Un album de jeunesse
de Guillaume Apollinaire

critiqué par JPGP, le 17 décembre 2022
( - 77 ans)


La note:  étoiles
Guillaume Apollinaire : Wikhem passe la main
A l’époque de ce premier album (inédit sorti de la bibiothèque de Pierre Berger) Guillaume Apollinaire n’est encore que Wilhem de Kostrowitzky. Il est élève au collège Saint Charles de Monaco où sa mère Angelika aurait fait scandale par ses amours avec le frère de l’archevêque de la Principauté. Le futur auteur ne cultive aucune ambition poétique ou littéraire. Néanmoins ce carnet témoigne d’une belle créativité parfaitement restituée par ce fac-similé d’une grande qualité (au verso des pages sont restituées jusqu’au traces d’encre du recto suivant).

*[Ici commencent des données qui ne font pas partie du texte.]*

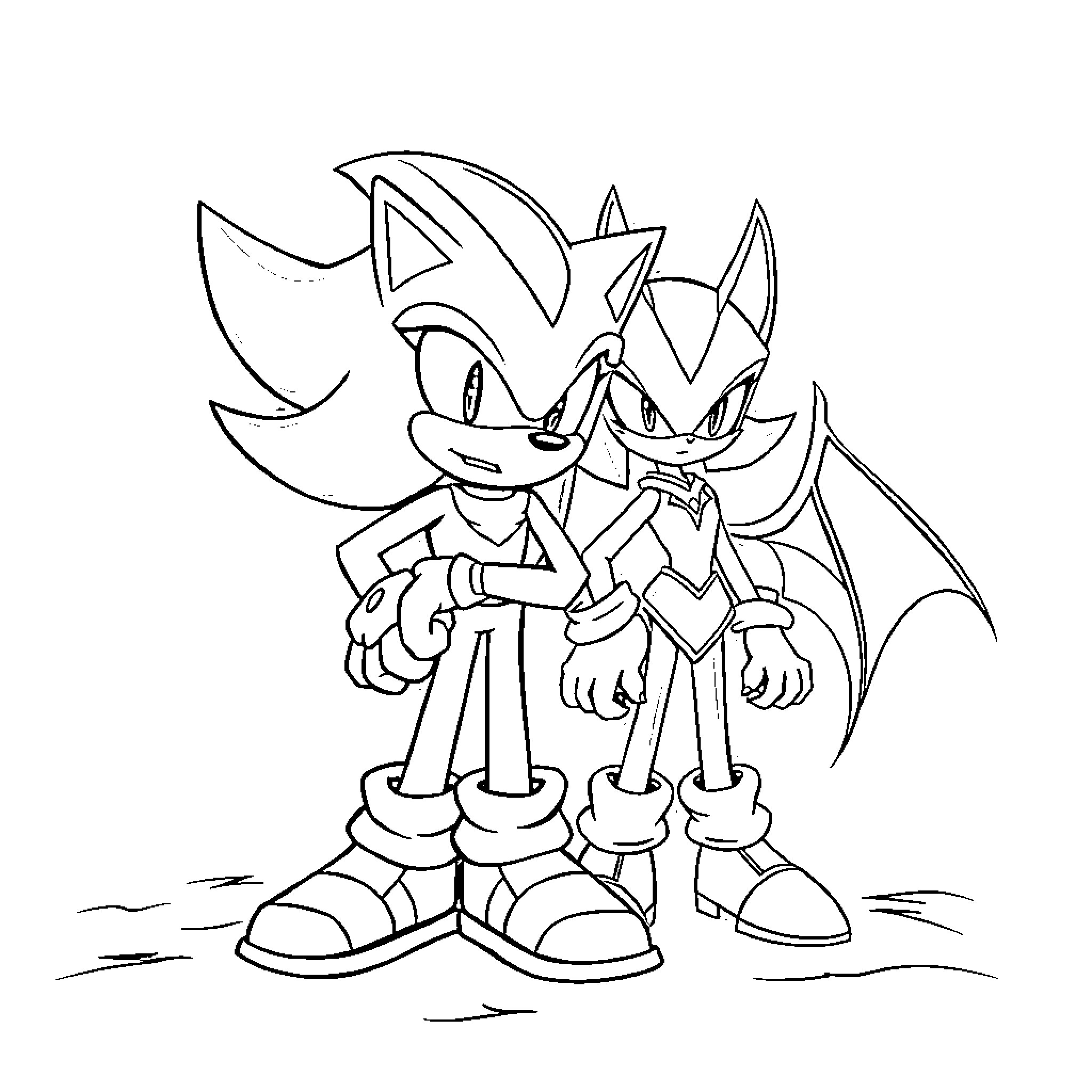 Shadow duo of dynamic characters Coloring Page (free black-and-white line drawing printable PDF for all, from beginners to advanced learners, including children, teens, adults, and seniors)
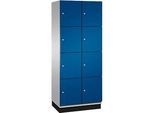 C+P Schliessfachschrank Cambio, 2 Abteile, 8 Fächer, mit Sockel, B 800 x T 525 x H 1980 mm, weissaluminium/enzianblau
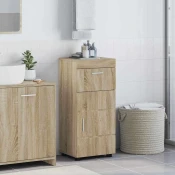 vidaXL Kopalniška omarica z vrati TULUM sonoma hrast 37 x 31.5 x 82 cm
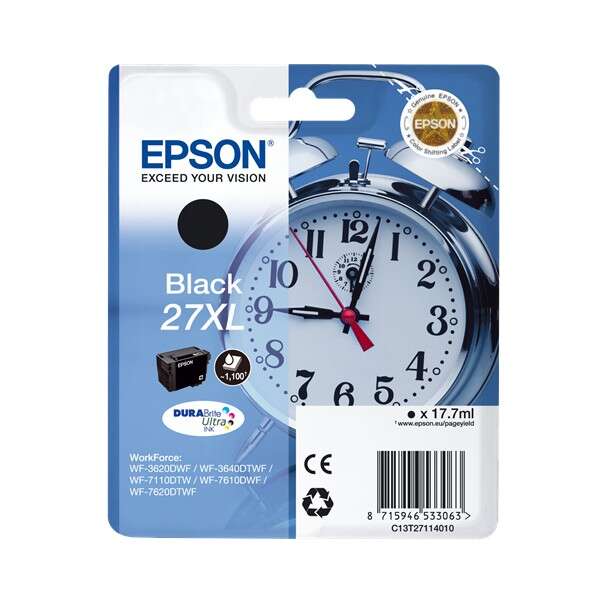 Embala tinta preta Epson 27XL para impressora com imagem de relógio.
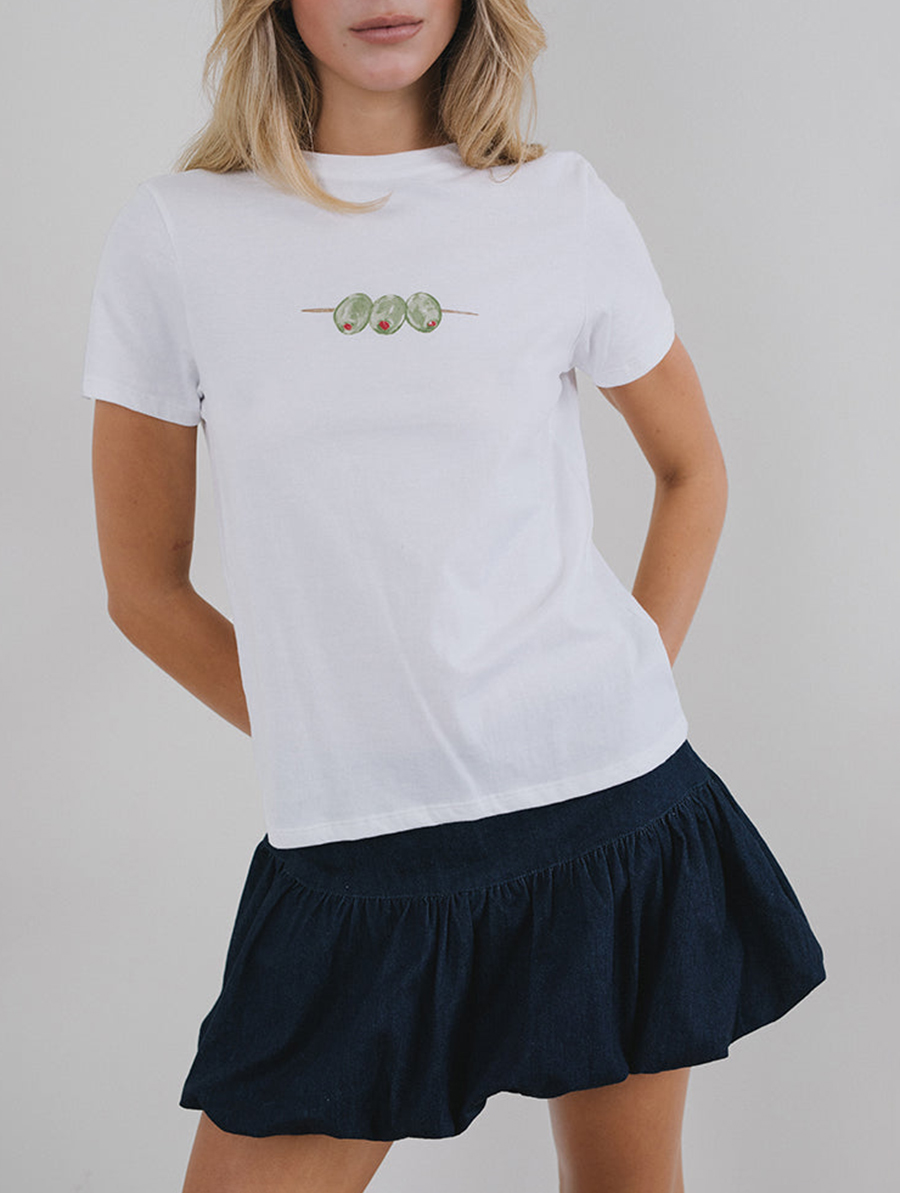 White With Olives Graphic Saki Tee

Apollinaire s’y amuse, casse l’ennui scolaire à l’aide de dessins (vieille femme en train de tricoter, des vues familières de la Côte d’Azur et de l’arrière-pays) et de poèmes parfois induits par la modernité de l’époque (« Noël») parfois en reprises décalées des formes désuètes tel que le rondeau. L’album est un carnet de bord au fil des jours : une sensibilité aigue est bien présente. L’auteur cultivant une rêverie selon des angles inattendus est déjà en germe. Les dessins sont parfois perfides (un prêtre solitaire, tel un amoureux transi, grave le nom de Jésus sur l’écorce d’un arbre…). Un tel ovni est aussi touchant qu’intéressant : la jeunesse s’y infiltre loin des regrets et de la raison. Il faut se laisser bercer et prendre par une telle dérive figurale et poétique.